Some signs are secret, some manifest

This week in the STAC Chapel in Clonmel, I had a public “artists’ conversation” with Austin McQuinn a visual artist and performance maker. Austin’s solo show at the South Tipperary Arts Centre STAC is entitled Some signs are secret, some manifest and features a large sculptural work that resembles a Norman tower but covered in hundreds of Aran sweaters sewn together into a single enveloping piece, as well as paintings/collages made on, and in relation to, found often discarded prints.
Abstract image with pen and ink and cerise wash cascading out of the frame
Some of the prints are of religious scenes (Austin retains the titles of the original prints even if the images are completely transformed by his intervention) but most are images from the Victorian war painter Elizabeth Thompson, who became Lady Butler in Bansha, Co. Tipperary. Austin’s work often engages with found materials.

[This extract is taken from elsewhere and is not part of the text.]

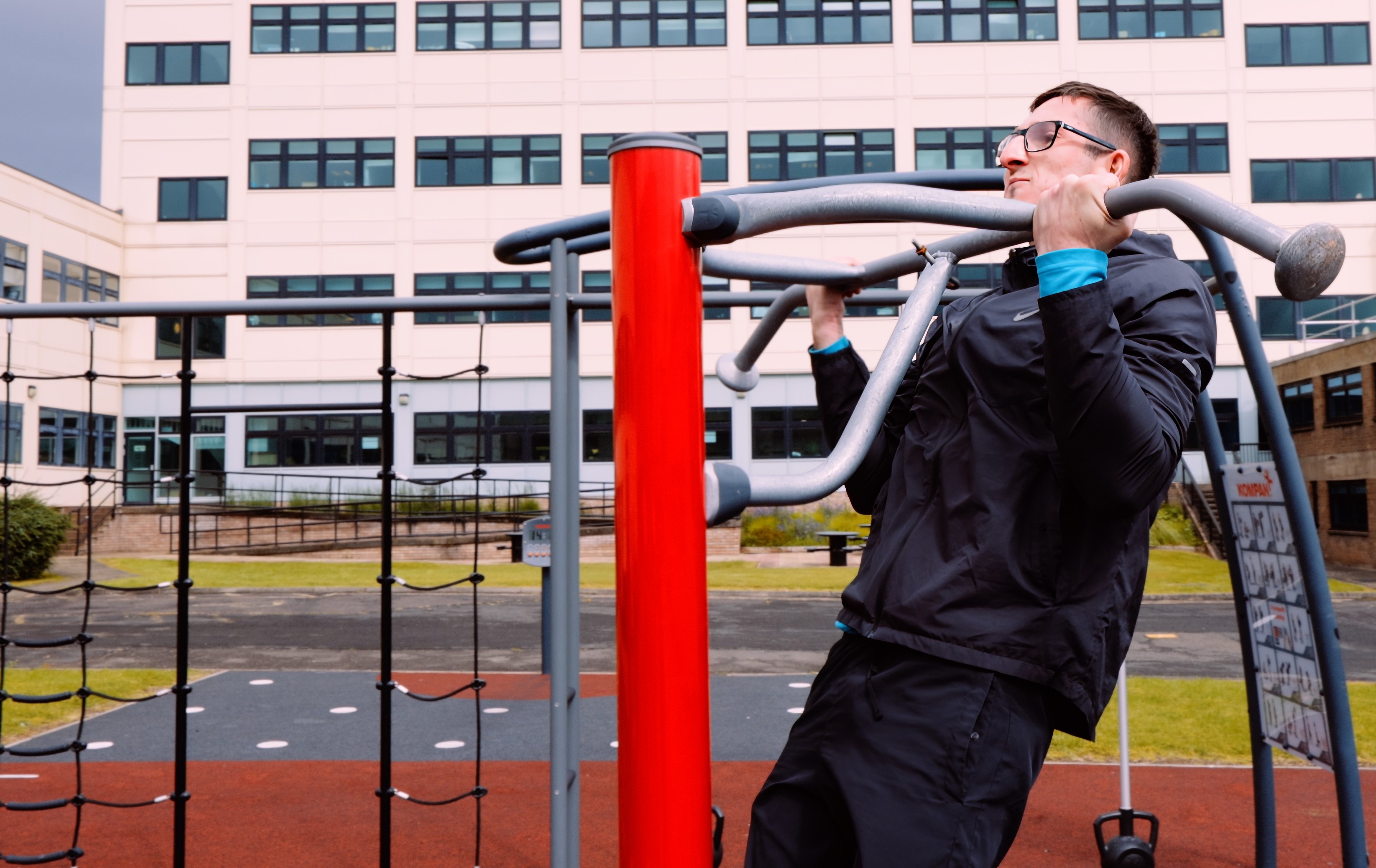 University of the West of Scotland - Image 7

As well as the painting and sculpture, Austin makes live performance and when I met him today he had completed a 24 hour performance, Imperial Lunatic, in the STAC Chapel, which was formerly the garrison chapel of the Kickham Barracks. Chalk from his performance was still visible on the floor in front of us. It was in that chapel, before the barracks was redeveloped as a civic space for Clonmel that I met Austin after a long hiatus, when he came to see me perform Unreeling in the Tipperary Dance Platform, in 2021. Seeing him in the audience before the performance that day, I recognised how Unreeling and all my dancing is a celebration of having survived our shared history, some of which relates to being gay boys in an Irish boarding school in the 80s. I appreciated his presence at the performance as an act of support and solidarity and so I was delighted to be invited back to the same chapel that had since held his solo performance to talk about our histories, our futures, our inspirations and our routes to working expressively through our bodies.

The conversation covered a lot of territory but I was often drawn to the fact that we were pointing to places in the space where significant events happened: I pointed to where he was sitting when I performed, he gestured to where elements of his recent performance happened, we could locate where we spoke after the show. The space was charged with these memories that are presences now as real as the chalk that still marked the floor, presences that claim space alongside the official military and religious narratives in the chapel’s history. We, as many others have and will, are making different stories and experiences material in the chapel and in ourselves, working with histories that have been lived through us but that exceed us as individuals.

I’m grateful for the opportunity this encounter and re-encounter has provided me to think about the path we’ve traveled so far, so that I can see a little more clearly why it matters so much to me to keep dancing myself and to keep making dancing possible for others.